The first attempt at going digital

What a modular card system taught me about the difference between assembly and routing.

BUILDING BEHAVIOURKIT

Lauren Kelly

12/1/2023

I've been working on the first digital version of BehaviourKit. I'm calling it The Stack, because the core concept is modular layers that stack together into a complete intervention plan.

The idea: you diagnose a barrier, you select a lever, you pick a tactic, you link the evidence, and you export the whole thing as a brief you can share with your team. Three main steps. Under fifteen minutes. That's the constraint I want to design within. If it takes longer than that, the product has failed at the thing it promises.

The system now has five layers. Job To Be Done (what you're trying to achieve). Barrier (what's getting in the way). Lever (the behavioural force you're going to use). Tactic (the specific type of move). Evidence (the science and cases that support the choice). Each layer is like a card. You select one from each layer and the stack assembles.

A few things have evolved in the process of designing this.

The barriers have expanded from nine to nineteen. The original Drive Grid used nine driver types, which was the right granularity for a facilitated workshop. But a digital system that needs to route automatically needs finer discrimination. "Heart & Mind" is too broad when the system needs to tell the difference between "people's attitudes are negative" and "people's mental model of how this works doesn't match reality." Those are different problems requiring different interventions, and a recommendation engine needs to distinguish between them.

The most interesting new idea is the two-state model. I've started describing each barrier as having a LOW state and a HIGH state, because behaviour doesn't only fail when something is missing. It also fails when something is excessive.

Consider confidence. Too little confidence, and people don't try. Too much confidence, and they skip important steps, underestimate risks, or refuse help. Both are problems. They need different interventions. Low confidence gets "boost" tools, things that build capability and reassurance. High confidence gets "brake" tools, things that introduce useful friction or prompt reflection.

This feels like a genuinely new contribution. Most behavioural frameworks treat their variables as either present or absent, strong or weak. The idea that a driver can fail in both directions, that it has two distinct failure modes, changes how the system thinks about recommendations.

The UX is designed as a three-question wizard. The system asks three questions to identify the barrier and its state. Then you assemble the stack by choosing from the relevant options at each layer. Evidence links automatically. Export to Figma, Jira, or PDF.

I'm excited about the speed. Fifteen minutes from "we have a problem" to "here's a plan we can brief our team on." That's fast enough to be used in a meeting. Fast enough to be used before a meeting. Fast enough that people might actually use it rather than meaning to use it and then running out of time.

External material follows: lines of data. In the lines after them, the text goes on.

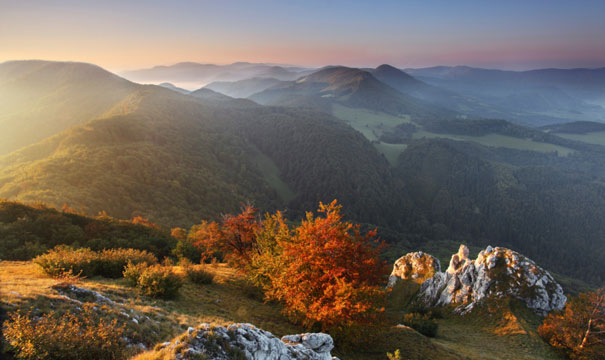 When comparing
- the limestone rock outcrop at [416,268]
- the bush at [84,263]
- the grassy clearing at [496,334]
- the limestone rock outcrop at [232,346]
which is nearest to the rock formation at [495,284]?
the grassy clearing at [496,334]

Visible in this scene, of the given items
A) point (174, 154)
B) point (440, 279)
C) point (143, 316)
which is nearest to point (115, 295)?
point (143, 316)

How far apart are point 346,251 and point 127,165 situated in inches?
4435

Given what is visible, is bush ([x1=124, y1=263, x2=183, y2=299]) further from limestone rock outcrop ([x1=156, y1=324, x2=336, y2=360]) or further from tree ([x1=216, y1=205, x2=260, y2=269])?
tree ([x1=216, y1=205, x2=260, y2=269])

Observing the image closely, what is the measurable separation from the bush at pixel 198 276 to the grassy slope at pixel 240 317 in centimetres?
81

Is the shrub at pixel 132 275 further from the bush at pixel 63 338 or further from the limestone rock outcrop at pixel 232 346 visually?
the limestone rock outcrop at pixel 232 346

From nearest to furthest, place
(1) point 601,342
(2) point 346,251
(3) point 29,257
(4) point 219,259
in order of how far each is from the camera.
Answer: (2) point 346,251 < (1) point 601,342 < (3) point 29,257 < (4) point 219,259

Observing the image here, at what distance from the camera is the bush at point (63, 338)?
8602mm

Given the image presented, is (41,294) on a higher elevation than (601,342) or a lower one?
higher

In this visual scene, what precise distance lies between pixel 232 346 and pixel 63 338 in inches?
230

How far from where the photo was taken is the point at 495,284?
108ft

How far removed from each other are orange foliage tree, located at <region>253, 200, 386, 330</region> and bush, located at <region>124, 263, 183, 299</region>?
7550 mm

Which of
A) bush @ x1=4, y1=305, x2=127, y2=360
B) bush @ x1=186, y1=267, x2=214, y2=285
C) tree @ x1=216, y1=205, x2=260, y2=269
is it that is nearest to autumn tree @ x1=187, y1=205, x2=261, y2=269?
tree @ x1=216, y1=205, x2=260, y2=269

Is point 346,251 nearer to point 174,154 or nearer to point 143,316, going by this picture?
point 143,316

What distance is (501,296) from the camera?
31.9 meters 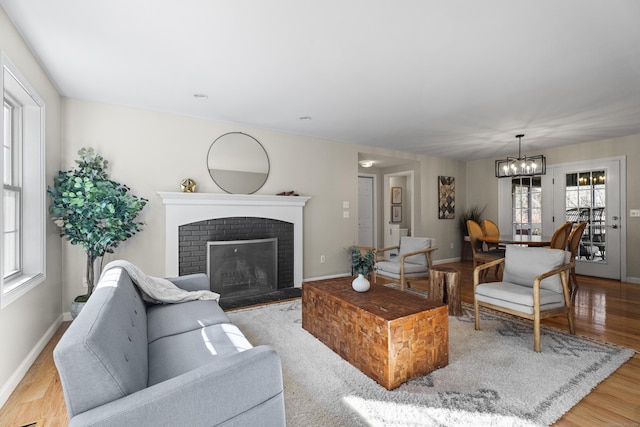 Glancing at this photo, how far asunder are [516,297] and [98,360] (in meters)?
2.82

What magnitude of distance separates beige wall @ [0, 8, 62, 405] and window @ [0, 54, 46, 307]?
0.14 m

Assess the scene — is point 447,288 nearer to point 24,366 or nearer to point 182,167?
point 182,167

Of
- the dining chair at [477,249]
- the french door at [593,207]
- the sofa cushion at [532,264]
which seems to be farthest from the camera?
the french door at [593,207]

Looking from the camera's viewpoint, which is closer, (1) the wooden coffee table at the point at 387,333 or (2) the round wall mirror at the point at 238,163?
(1) the wooden coffee table at the point at 387,333

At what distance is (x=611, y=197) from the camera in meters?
4.99

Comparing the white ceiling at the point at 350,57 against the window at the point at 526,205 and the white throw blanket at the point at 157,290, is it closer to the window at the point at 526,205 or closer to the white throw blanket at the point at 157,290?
the white throw blanket at the point at 157,290

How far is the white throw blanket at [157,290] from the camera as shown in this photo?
213cm

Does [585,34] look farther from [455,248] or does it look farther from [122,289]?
[455,248]

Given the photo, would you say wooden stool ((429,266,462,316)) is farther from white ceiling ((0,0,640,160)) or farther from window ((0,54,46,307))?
window ((0,54,46,307))

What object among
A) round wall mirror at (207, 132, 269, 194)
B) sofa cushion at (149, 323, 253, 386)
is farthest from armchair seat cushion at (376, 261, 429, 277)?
sofa cushion at (149, 323, 253, 386)

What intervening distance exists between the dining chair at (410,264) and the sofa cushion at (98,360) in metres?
3.00

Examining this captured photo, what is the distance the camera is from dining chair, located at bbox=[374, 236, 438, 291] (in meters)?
3.77

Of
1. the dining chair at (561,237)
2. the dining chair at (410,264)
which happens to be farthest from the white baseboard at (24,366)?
the dining chair at (561,237)

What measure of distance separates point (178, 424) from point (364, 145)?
4901mm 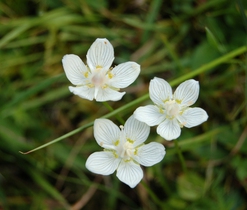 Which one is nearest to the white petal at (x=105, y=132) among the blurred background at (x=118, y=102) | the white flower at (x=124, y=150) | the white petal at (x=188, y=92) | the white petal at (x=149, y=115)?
the white flower at (x=124, y=150)

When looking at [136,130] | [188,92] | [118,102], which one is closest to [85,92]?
[136,130]

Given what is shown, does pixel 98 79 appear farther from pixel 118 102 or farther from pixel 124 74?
pixel 118 102

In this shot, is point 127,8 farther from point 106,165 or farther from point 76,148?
point 106,165

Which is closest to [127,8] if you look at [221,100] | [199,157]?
[221,100]

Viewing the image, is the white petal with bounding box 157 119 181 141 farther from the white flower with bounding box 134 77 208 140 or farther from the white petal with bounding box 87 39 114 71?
the white petal with bounding box 87 39 114 71

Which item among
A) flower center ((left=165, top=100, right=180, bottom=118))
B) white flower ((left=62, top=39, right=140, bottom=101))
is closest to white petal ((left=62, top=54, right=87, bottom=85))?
white flower ((left=62, top=39, right=140, bottom=101)) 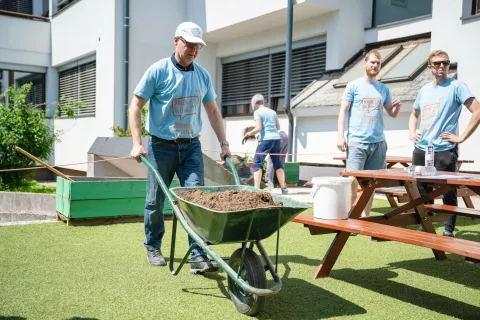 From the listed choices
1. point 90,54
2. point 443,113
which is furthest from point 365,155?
point 90,54

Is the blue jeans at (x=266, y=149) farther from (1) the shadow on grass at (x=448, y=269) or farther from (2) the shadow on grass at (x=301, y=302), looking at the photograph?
(2) the shadow on grass at (x=301, y=302)

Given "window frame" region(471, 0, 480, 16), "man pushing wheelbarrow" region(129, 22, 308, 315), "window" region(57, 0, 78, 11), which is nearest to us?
"man pushing wheelbarrow" region(129, 22, 308, 315)

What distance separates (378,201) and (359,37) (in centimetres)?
396

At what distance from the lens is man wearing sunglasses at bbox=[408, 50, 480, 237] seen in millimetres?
4672

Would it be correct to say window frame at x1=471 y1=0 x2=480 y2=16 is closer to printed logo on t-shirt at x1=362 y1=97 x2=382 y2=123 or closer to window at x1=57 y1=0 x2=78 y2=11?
printed logo on t-shirt at x1=362 y1=97 x2=382 y2=123

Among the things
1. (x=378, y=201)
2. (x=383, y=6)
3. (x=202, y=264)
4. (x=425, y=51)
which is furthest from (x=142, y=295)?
(x=383, y=6)

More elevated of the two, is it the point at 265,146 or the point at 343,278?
the point at 265,146

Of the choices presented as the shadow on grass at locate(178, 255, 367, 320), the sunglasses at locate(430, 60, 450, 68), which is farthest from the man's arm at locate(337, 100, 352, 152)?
the shadow on grass at locate(178, 255, 367, 320)

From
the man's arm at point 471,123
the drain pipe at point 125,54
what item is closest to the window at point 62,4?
the drain pipe at point 125,54

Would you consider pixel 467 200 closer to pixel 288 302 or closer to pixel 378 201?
pixel 378 201

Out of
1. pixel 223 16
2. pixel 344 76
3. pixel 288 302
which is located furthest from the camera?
pixel 223 16

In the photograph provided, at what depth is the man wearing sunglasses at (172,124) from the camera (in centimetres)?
390

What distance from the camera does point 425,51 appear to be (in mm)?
9133

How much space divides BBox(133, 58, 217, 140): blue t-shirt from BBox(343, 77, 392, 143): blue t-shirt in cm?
176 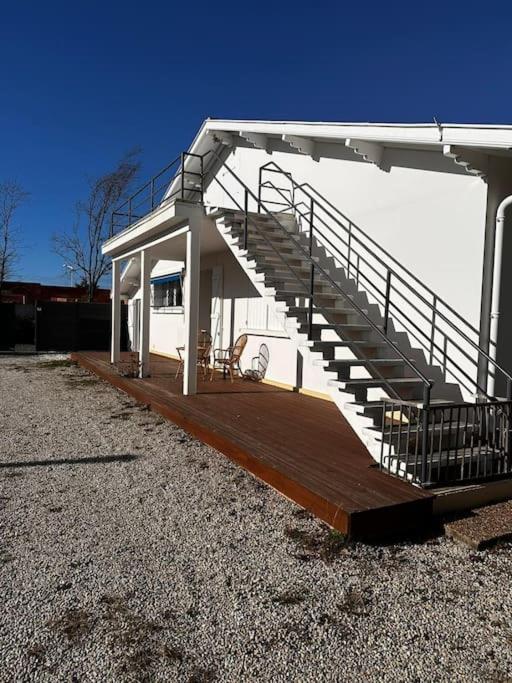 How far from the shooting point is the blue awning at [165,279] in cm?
1437

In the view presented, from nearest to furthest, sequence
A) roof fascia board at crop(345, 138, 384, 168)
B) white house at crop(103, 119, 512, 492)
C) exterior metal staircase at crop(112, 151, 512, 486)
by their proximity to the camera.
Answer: exterior metal staircase at crop(112, 151, 512, 486)
white house at crop(103, 119, 512, 492)
roof fascia board at crop(345, 138, 384, 168)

But I have a nagging feeling about the assembly step.

"Drag a lever, drop a tactic, auto-link the evidence." That sounds clean. It sounds modern. It sounds like the kind of product interaction that a designer would enjoy. And it assumes that the user understands the system well enough to select the right lever and the right tactic from the options presented.

The whole reason BehaviourKit exists is to serve people who don't have that understanding. People who know they have a behaviour problem but don't know the language or the logic of behavioural science. Asking those people to assemble the right components from a modular system is a bit like asking someone who doesn't read music to compose a chord progression by selecting individual notes from a keyboard.

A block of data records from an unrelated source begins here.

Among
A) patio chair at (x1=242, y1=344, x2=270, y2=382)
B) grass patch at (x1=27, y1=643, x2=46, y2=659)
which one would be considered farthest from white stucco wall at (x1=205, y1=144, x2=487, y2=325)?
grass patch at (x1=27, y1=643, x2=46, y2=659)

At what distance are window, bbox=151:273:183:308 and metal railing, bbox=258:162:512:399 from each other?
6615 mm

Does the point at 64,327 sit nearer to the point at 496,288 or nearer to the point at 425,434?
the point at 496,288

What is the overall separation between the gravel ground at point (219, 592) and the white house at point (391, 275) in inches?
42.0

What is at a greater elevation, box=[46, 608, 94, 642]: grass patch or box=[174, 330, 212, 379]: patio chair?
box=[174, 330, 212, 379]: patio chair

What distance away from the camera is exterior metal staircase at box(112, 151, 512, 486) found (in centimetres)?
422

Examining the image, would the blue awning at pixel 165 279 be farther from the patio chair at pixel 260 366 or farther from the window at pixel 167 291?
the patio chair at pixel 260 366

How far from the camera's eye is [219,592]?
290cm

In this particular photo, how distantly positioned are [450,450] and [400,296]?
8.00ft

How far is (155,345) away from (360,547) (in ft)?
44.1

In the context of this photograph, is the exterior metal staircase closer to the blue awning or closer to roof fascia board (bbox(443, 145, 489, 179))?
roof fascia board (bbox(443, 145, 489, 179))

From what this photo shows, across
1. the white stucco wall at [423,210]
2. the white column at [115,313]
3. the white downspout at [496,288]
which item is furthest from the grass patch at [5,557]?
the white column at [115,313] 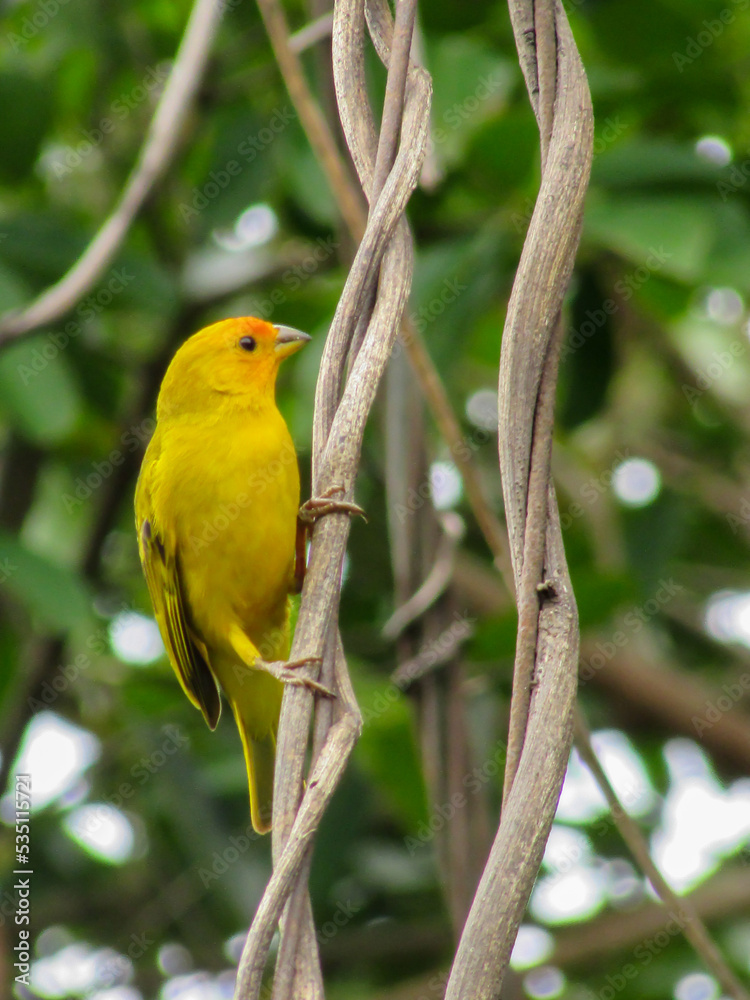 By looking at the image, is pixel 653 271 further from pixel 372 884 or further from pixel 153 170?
pixel 372 884

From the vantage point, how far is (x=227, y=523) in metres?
Result: 2.94

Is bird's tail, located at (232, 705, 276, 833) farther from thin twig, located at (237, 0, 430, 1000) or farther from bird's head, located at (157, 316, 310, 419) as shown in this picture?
thin twig, located at (237, 0, 430, 1000)

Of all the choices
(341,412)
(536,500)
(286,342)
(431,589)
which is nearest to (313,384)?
(286,342)

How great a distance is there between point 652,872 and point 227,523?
4.66 feet

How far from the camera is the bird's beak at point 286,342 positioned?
3.16m

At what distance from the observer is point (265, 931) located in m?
1.00

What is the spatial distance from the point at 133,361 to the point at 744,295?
7.53 feet

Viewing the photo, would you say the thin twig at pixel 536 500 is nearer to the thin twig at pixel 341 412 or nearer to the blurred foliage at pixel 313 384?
the thin twig at pixel 341 412

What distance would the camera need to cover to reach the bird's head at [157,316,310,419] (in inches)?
124

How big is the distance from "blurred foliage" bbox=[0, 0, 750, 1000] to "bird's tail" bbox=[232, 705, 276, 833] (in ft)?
0.99

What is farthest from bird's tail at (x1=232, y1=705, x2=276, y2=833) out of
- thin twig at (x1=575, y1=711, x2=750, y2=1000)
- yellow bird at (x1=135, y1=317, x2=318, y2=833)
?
thin twig at (x1=575, y1=711, x2=750, y2=1000)

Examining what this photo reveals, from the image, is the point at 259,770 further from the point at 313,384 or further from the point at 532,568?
the point at 532,568

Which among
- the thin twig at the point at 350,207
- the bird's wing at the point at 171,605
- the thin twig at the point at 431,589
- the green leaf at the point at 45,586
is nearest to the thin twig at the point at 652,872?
the thin twig at the point at 350,207

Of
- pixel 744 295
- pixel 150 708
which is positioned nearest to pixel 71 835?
pixel 150 708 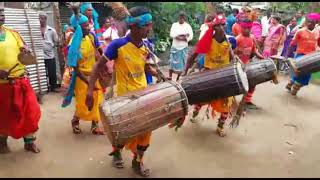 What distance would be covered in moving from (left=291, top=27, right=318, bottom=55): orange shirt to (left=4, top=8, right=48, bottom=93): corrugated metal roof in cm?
488

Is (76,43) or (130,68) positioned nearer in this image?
(130,68)

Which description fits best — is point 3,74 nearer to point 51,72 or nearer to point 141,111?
point 141,111

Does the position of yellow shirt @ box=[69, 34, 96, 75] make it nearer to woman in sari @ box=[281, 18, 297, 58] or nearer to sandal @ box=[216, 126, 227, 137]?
sandal @ box=[216, 126, 227, 137]

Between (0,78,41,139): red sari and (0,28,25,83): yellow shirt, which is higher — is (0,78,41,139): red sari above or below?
below

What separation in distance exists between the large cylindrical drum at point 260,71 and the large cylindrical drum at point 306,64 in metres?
1.61

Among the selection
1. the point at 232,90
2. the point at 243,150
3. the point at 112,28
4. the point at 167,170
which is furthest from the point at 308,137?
the point at 112,28

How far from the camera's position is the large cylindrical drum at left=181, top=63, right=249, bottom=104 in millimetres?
4320

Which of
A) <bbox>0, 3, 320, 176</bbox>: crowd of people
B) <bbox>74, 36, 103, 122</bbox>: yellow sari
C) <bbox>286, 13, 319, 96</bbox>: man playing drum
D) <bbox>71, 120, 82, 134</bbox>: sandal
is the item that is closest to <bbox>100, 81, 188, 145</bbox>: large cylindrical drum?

The technical capability is there. The knowledge to use it well isn't.

I keep coming back to the distinction between assembly and routing. Assembly says: here are the parts, build the thing. Routing says: tell me where you are and where you want to go, and I'll tell you the path.

The Stack is an assembly product. I think what I actually need is a routing product.

I'm not sure yet what that looks like in practice. But the nagging feeling is persistent, and I've learned to trust those.